> _Data supplied_:
== == ==

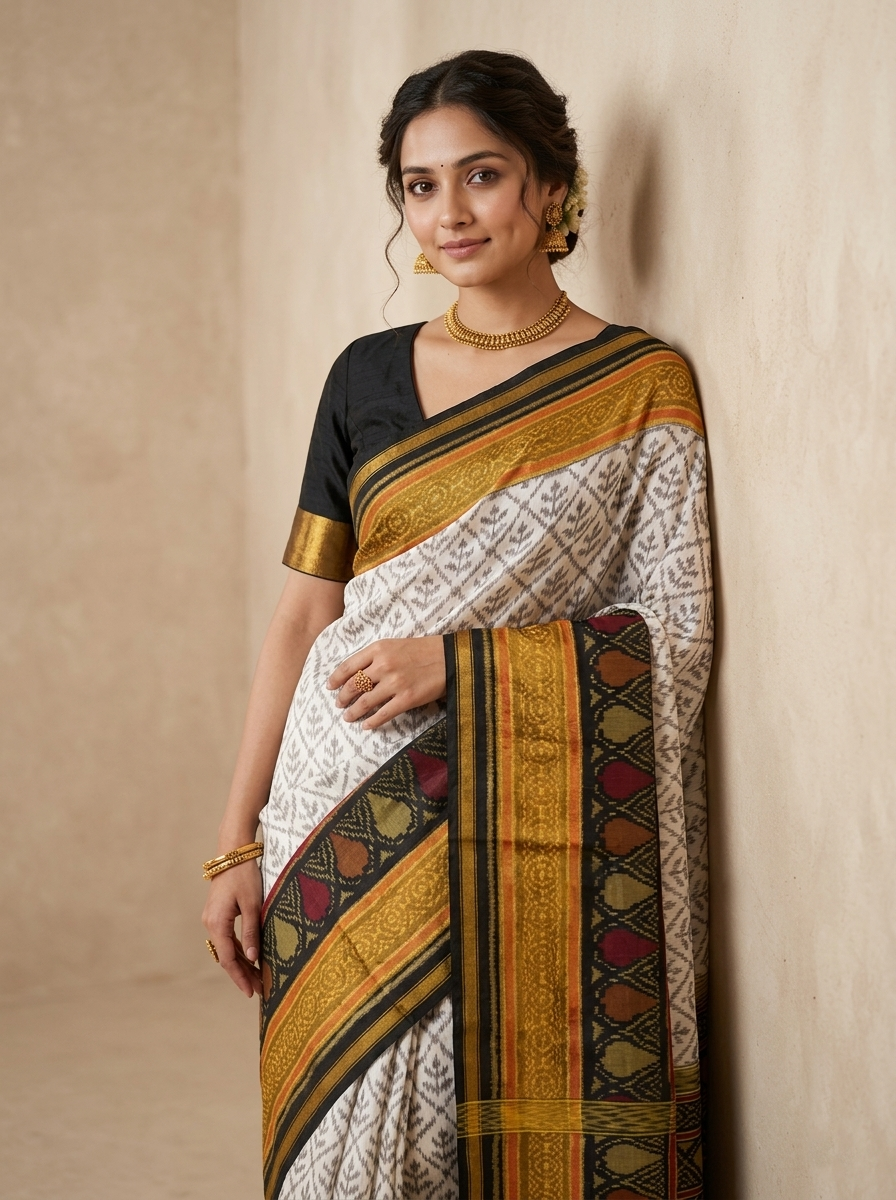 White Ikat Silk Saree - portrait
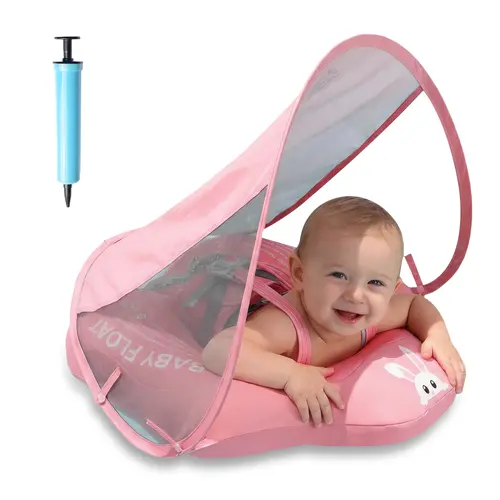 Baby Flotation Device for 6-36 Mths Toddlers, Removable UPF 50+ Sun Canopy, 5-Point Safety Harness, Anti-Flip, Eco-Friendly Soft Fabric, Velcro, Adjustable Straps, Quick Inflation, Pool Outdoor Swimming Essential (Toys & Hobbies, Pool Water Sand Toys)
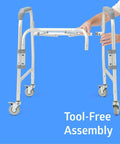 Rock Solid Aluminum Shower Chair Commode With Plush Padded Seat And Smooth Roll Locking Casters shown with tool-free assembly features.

== == ==

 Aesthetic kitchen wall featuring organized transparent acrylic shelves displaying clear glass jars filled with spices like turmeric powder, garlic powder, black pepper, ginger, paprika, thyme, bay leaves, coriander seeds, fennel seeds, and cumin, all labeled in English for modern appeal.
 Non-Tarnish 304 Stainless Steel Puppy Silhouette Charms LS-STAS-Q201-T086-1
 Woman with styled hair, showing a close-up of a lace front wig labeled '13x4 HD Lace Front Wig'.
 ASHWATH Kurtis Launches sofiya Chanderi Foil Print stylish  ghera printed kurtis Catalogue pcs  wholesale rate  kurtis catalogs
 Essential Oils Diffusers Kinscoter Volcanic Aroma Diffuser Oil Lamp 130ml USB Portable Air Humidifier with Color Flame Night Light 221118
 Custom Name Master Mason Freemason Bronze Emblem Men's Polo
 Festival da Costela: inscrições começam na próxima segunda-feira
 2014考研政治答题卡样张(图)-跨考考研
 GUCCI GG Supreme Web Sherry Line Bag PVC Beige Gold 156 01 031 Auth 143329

== == ==

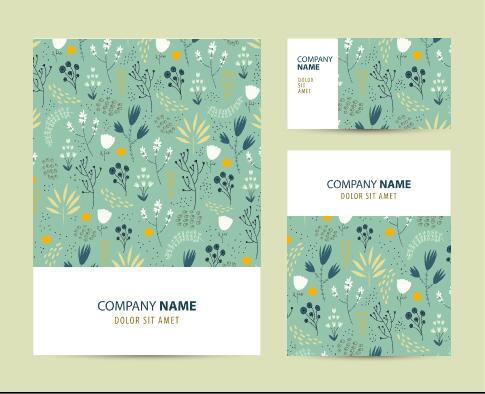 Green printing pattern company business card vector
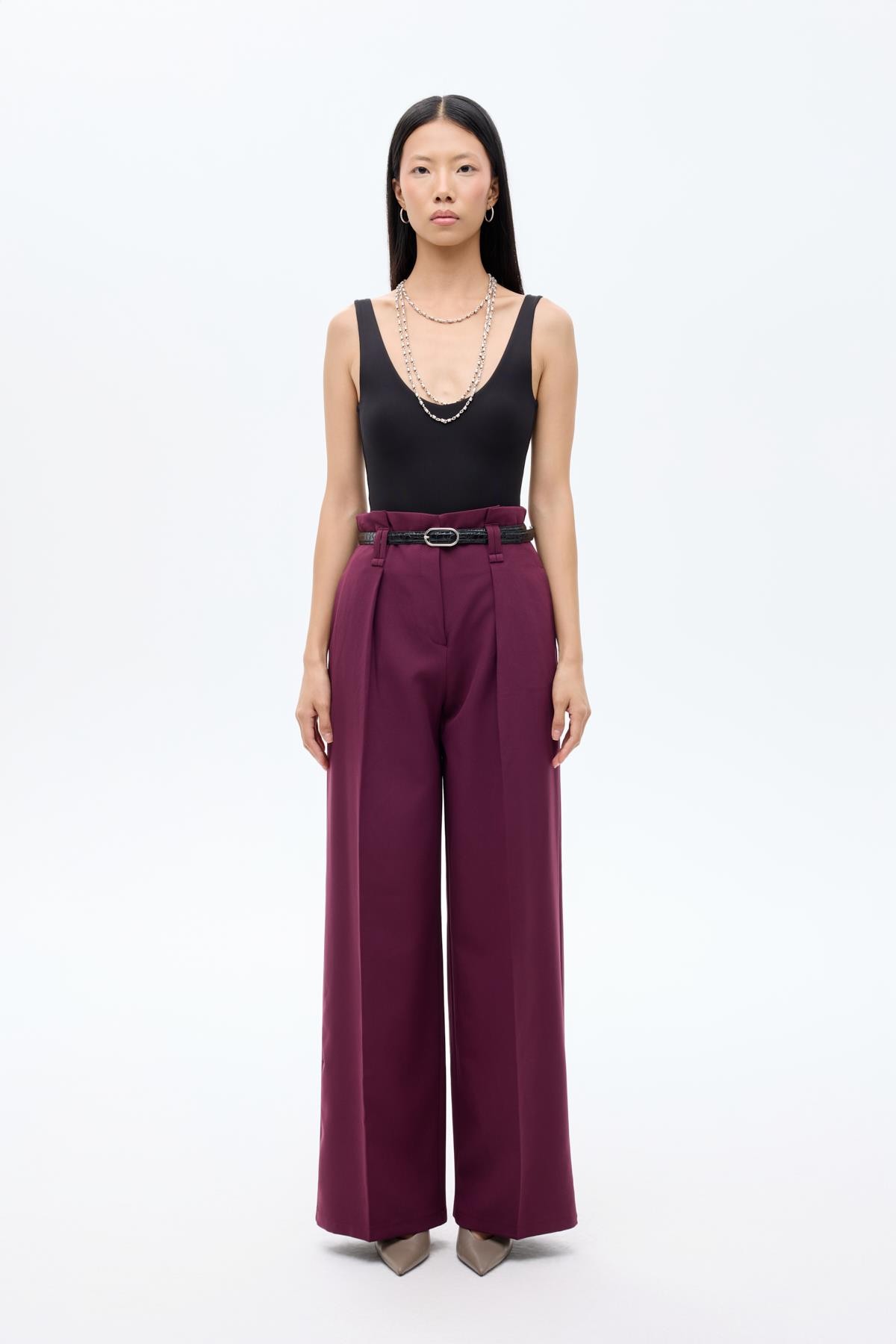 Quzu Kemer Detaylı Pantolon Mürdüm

== == ==

Could you transcribe exactly the entries above, but only the lines from the one with "Baby Flotation Device" through the one with "Rock Solid Aluminum", and without pictures?

> _Task solution_:
 Baby Flotation Device for 6-36 Mths Toddlers, Removable UPF 50+ Sun Canopy, 5-Point Safety Harness, Anti-Flip, Eco-Friendly Soft Fabric, Velcro, Adjustable Straps, Quick Inflation, Pool Outdoor Swimming Essential (Toys & Hobbies, Pool Water Sand Toys)
 Rock Solid Aluminum Shower Chair Commode With Plush Padded Seat And Smooth Roll Locking Casters shown with tool-free assembly features.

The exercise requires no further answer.